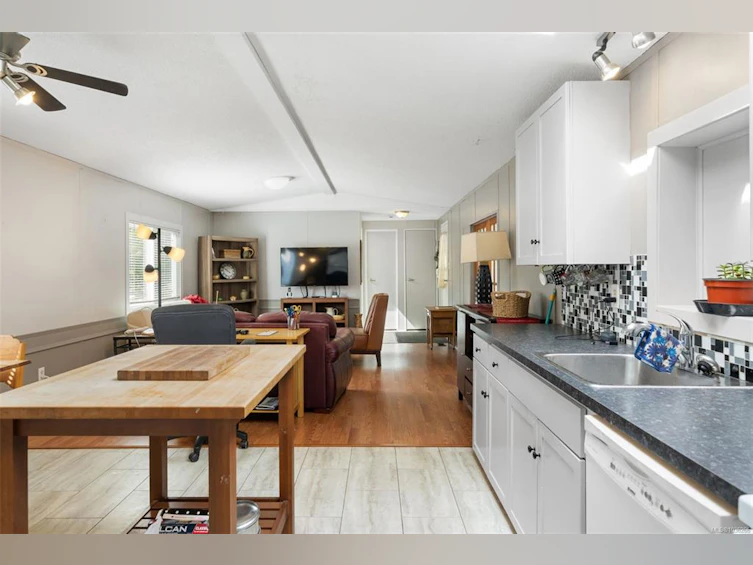 53-1265 Cherry Point Road, Cobble Hill, BC, V0R 1N2 - 8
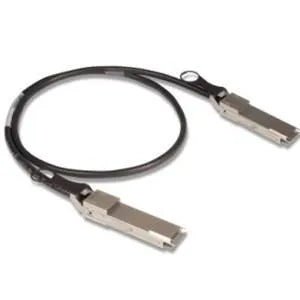 IBM 59Y1944 7m SFP+ Direct Attach Copper Cable - G5 Network GroupNetwork Cables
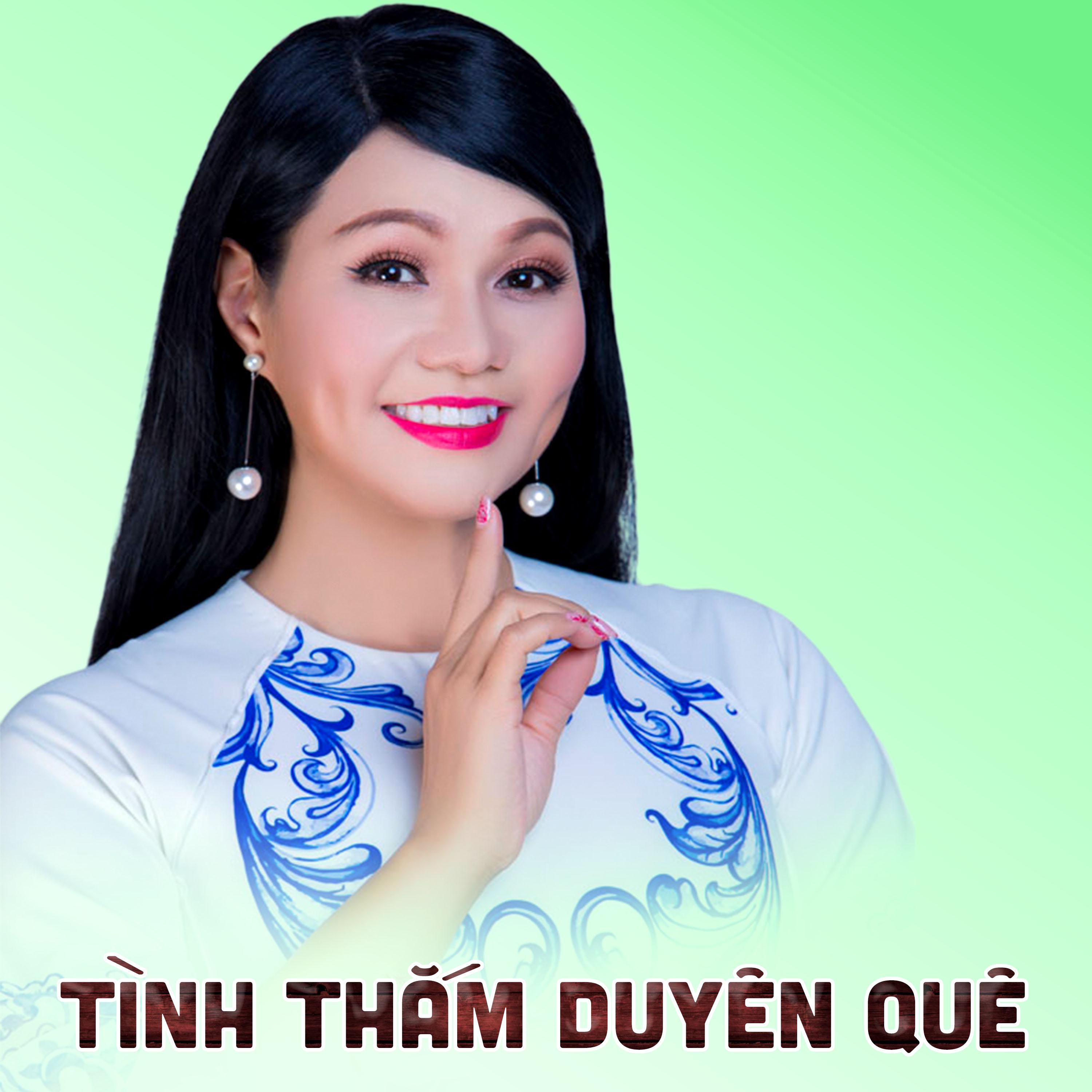 quay hũ tốt nhất Vũng Tàu trải nghiệm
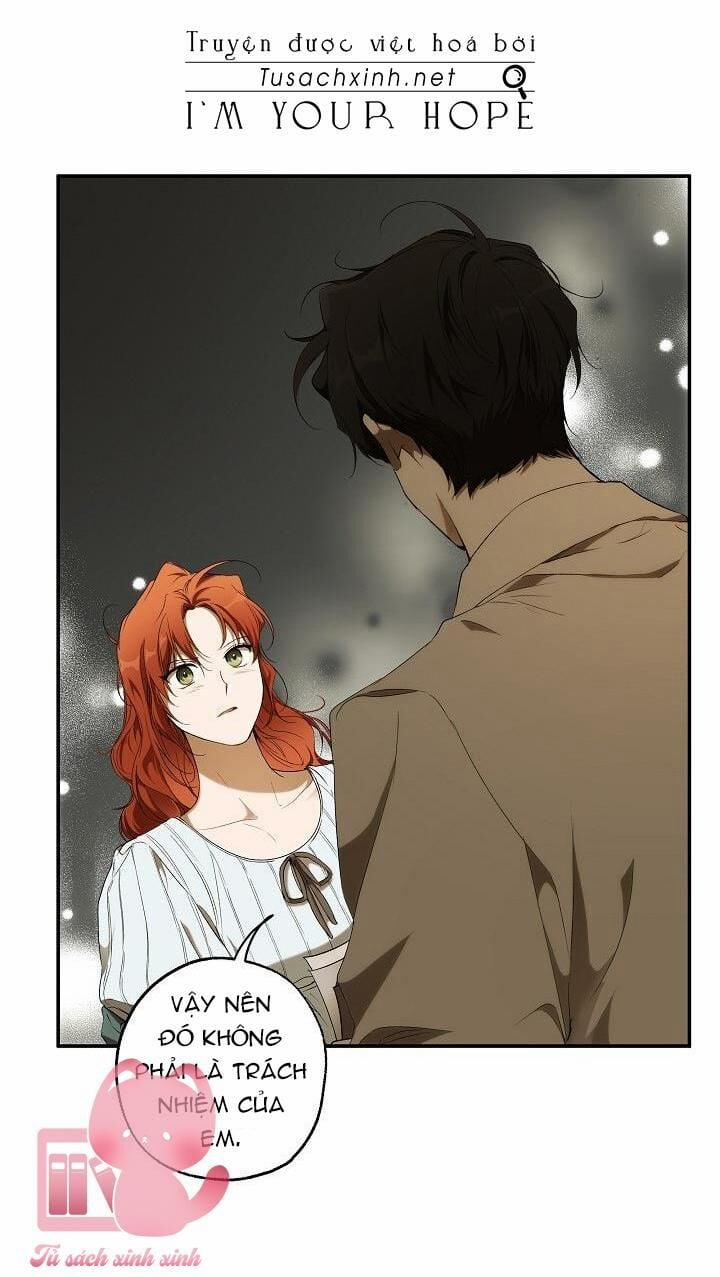 Tất Cả Chỉ Là Sai Lầm 89 trang 14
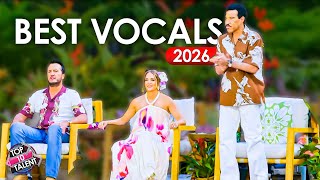 Top 20 REVEALED On American Idol 2026 Hawaii Week! – SHOCKING Results!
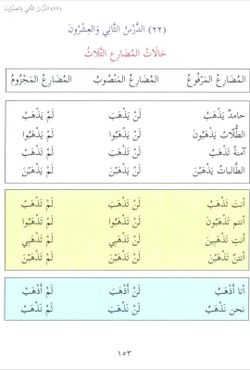 hilokal-notebook-image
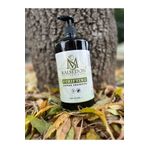 Kalsedon Purifying Arındıcı 1 lt Detox Şampuan
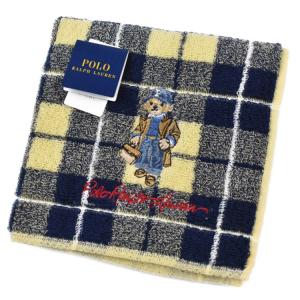 新品 ラルフローレン タオルハンカチ 40セット 新品 ラルフローレン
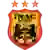 ІНАК Кобе Ліонесса (Жінки)
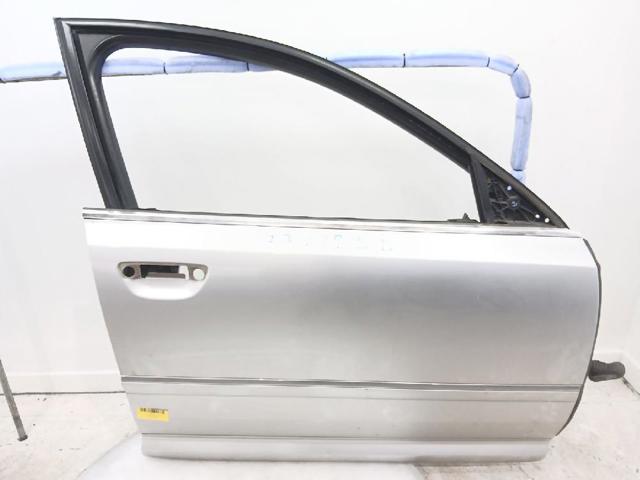4E0831052C VAG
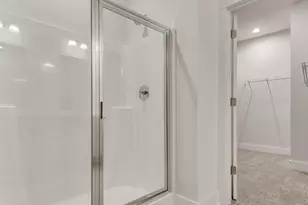 5792 Dove Nest Rd, Gulf Breeze, FL 32563 - Photo 19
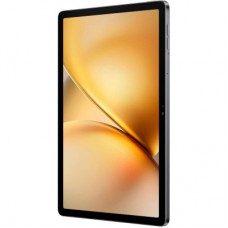 Планшет Blackview Tab Zeno 10 SET 11" 6 GB/128 GB 5G Shadow BlackЧохол, Скло, Клуб (6931548326243) - Фото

* _EXERCISE REQUIREMENTS_:
Would you write each entry out again exactly, omitting the images?

* _COMPLETED EXERCISE_:
 53-1265 Cherry Point Road, Cobble Hill, BC, V0R 1N2 - 8
 IBM 59Y1944 7m SFP+ Direct Attach Copper Cable - G5 Network GroupNetwork Cables
 quay hũ tốt nhất Vũng Tàu trải nghiệm
 Tất Cả Chỉ Là Sai Lầm 89 trang 14
 Top 20 REVEALED On American Idol 2026 Hawaii Week! – SHOCKING Results!
 hilokal-notebook-image
 Kalsedon Purifying Arındıcı 1 lt Detox Şampuan
 新品 ラルフローレン タオルハンカチ 40セット 新品 ラルフローレン
 ІНАК Кобе Ліонесса (Жінки)
4E0831052C VAG
 5792 Dove Nest Rd, Gulf Breeze, FL 32563 - Photo 19
 Планшет Blackview Tab Zeno 10 SET 11" 6 GB/128 GB 5G Shadow BlackЧохол, Скло, Клуб (6931548326243) - Фото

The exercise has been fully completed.